What the exercise asks – Write out only the lines from the line that holds "Collage: a woman" to the end of the listing below, inclusive, with the pictures omitted.

===== Task material

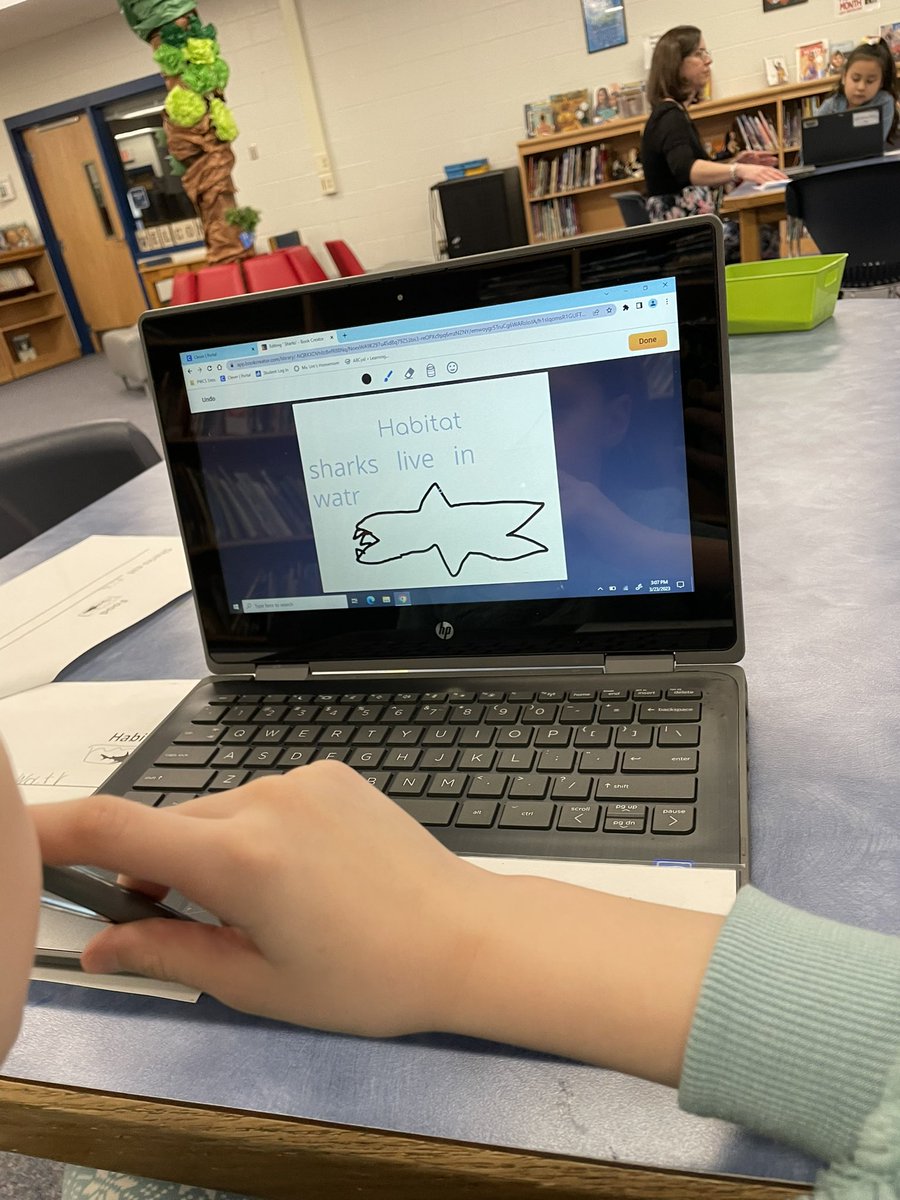 thefrogpond102's tweet photo. Check out these shark books @MsUm_in1st is creating with @MontysLibrary! Their details in writing and illustrations is terrific! #LoveCollaborating @montclair_elem https://t.co/Hi8Sq5Fxhe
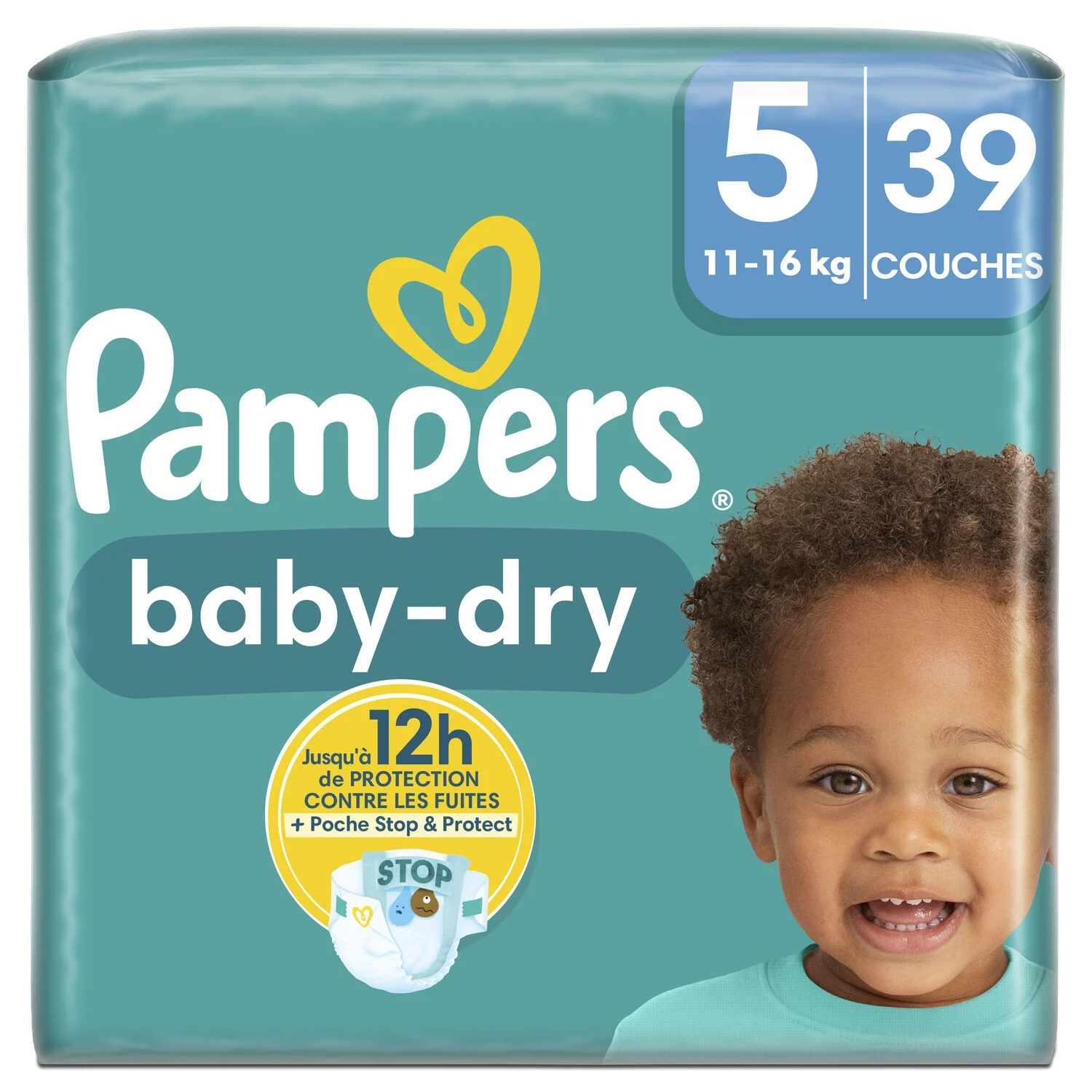 Детские сухие подгузники Baby Dry, размер 5, 39 - PAMPERS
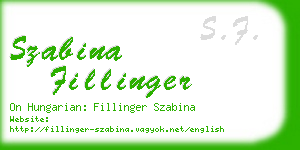 szabina fillinger business card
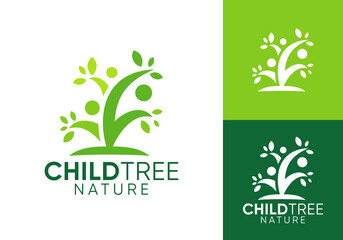 abstract tree with people logo design. care for the environment symbol icon concept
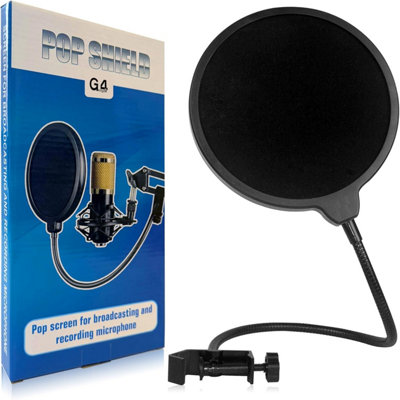 G4GADGET dual-layer mic pop filter with flexible gooseneck and sturdy ...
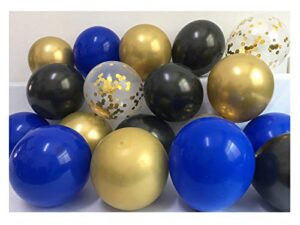 royal blue gold black balloons- confetti balloons for graduation bachelor men birthday anniversary party decorations d¨¦cor supplies 12inch 50packs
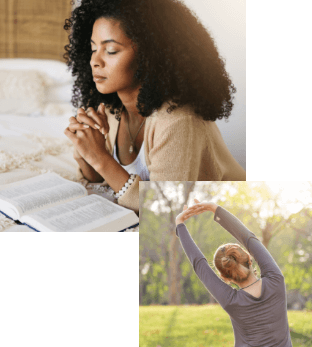 Collage: a woman from behind stretching her arms outdoors, and a woman kneeling at her bedside praying the Bible.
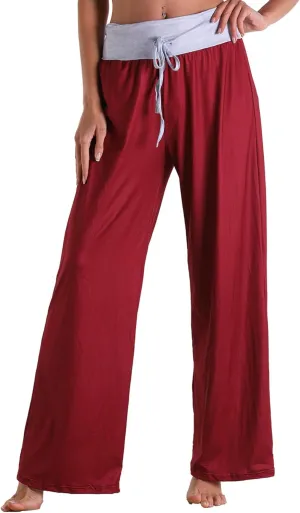 Women Pajama Pants Comfy Lounge Wide Leg Casual Stretch Palazzo Drawstring Pj Bottoms Pants S-3XL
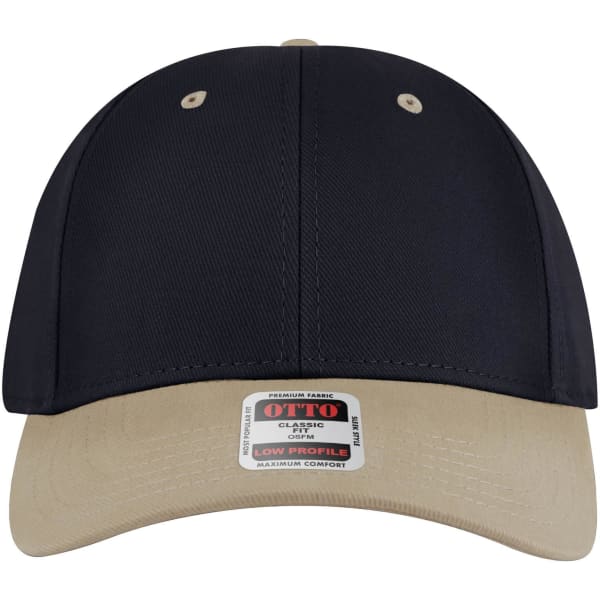 A navy and beige 6-panel low profile baseball cap with a logo on the front.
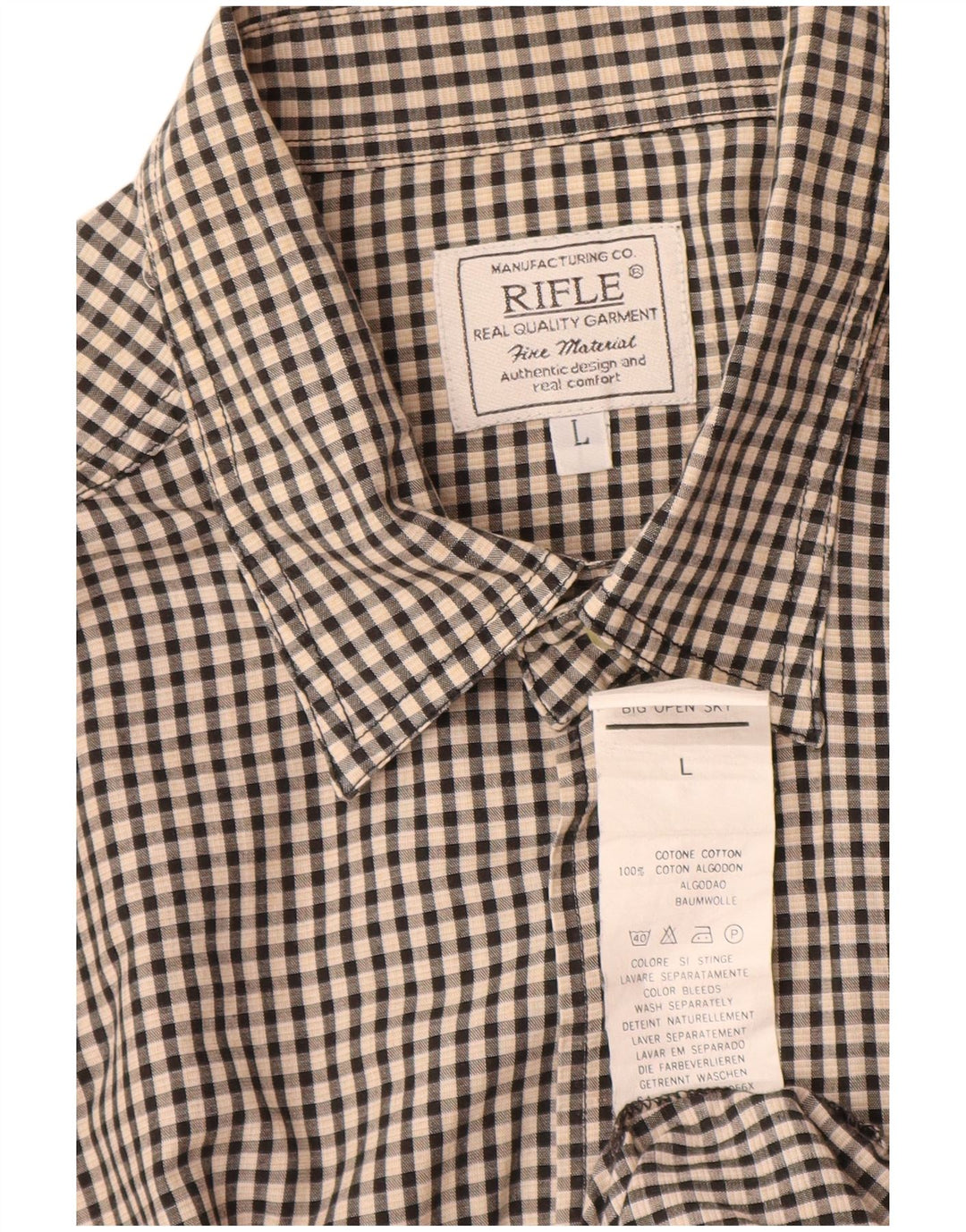 Muška majica Rifle Large Beige Gingham Pamuk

==========

Response –
 Collage: a woman from behind stretching her arms outdoors, and a woman kneeling at her bedside praying the Bible.
 Women Pajama Pants Comfy Lounge Wide Leg Casual Stretch Palazzo Drawstring Pj Bottoms Pants S-3XL
 A navy and beige 6-panel low profile baseball cap with a logo on the front.
 Muška majica Rifle Large Beige Gingham Pamuk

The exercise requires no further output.